Data excerpts:
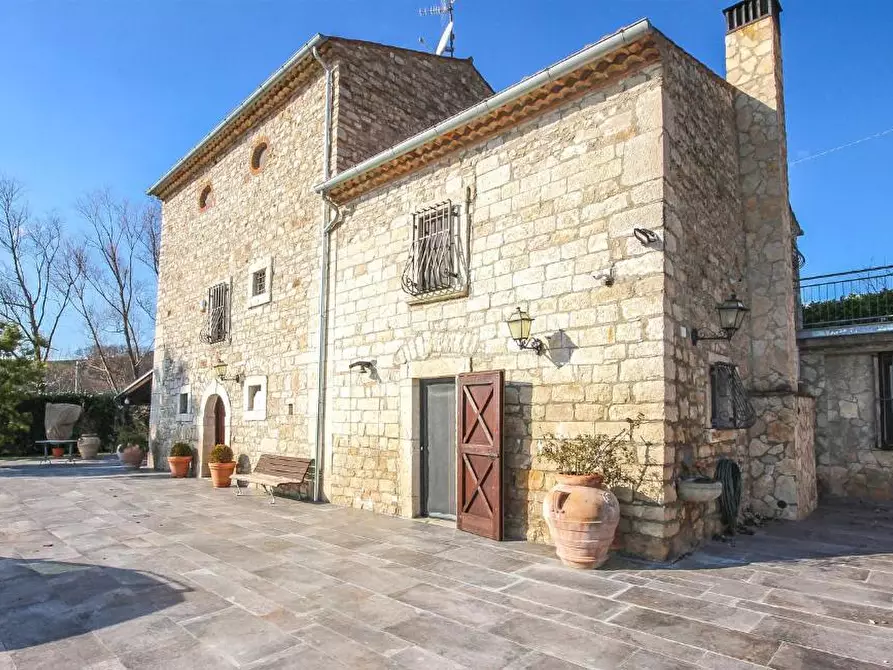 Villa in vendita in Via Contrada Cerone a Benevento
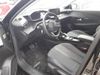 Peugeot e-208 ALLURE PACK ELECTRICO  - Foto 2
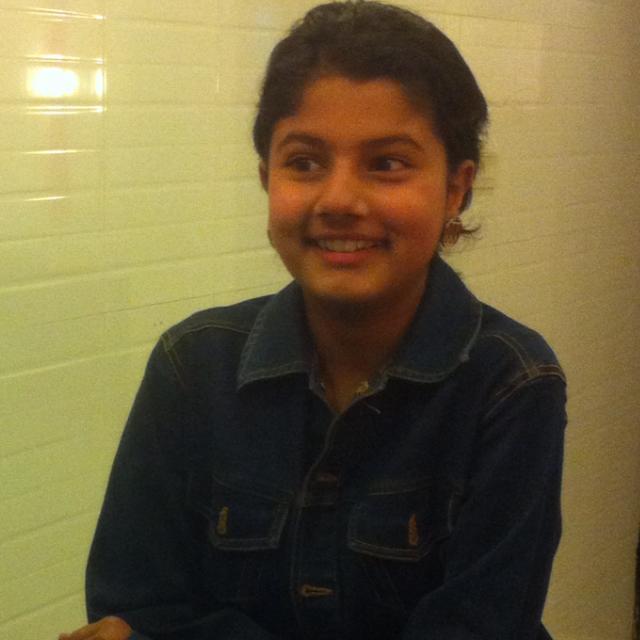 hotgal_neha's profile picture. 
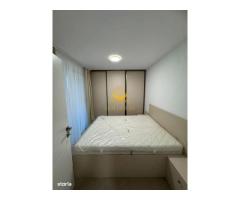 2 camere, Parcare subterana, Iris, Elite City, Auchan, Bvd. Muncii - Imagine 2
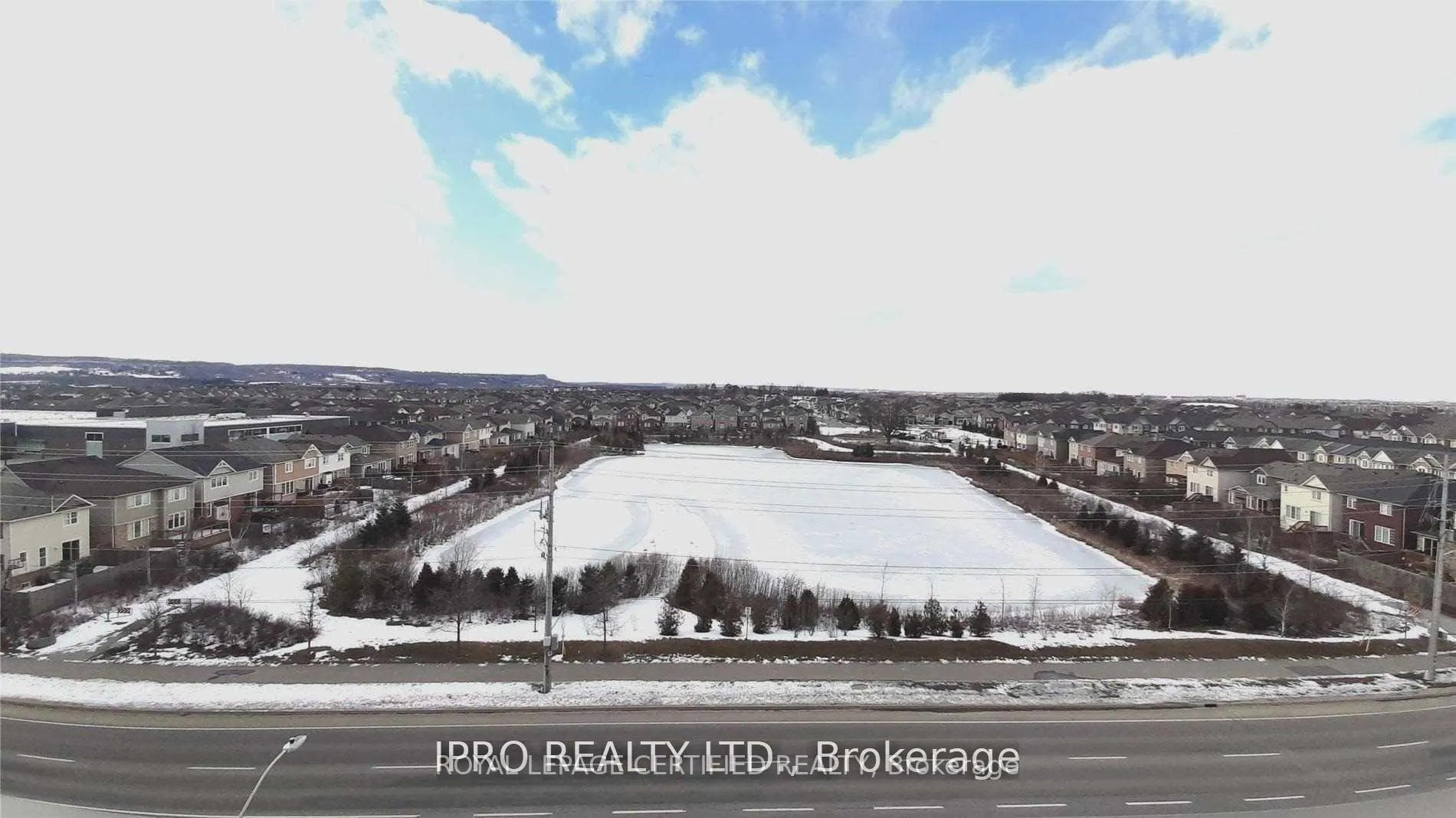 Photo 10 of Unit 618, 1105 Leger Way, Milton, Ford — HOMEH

INSTRUCTIONS FOR THE TASK: Both the line containing "hotgal_neha's profile picture." and the last line of the records above belong in the exact copy, along with every line between them; pictures do not.

TASK RESULT:
 hotgal_neha's profile picture. 
 2 camere, Parcare subterana, Iris, Elite City, Auchan, Bvd. Muncii - Imagine 2
 Photo 10 of Unit 618, 1105 Leger Way, Milton, Ford — HOMEH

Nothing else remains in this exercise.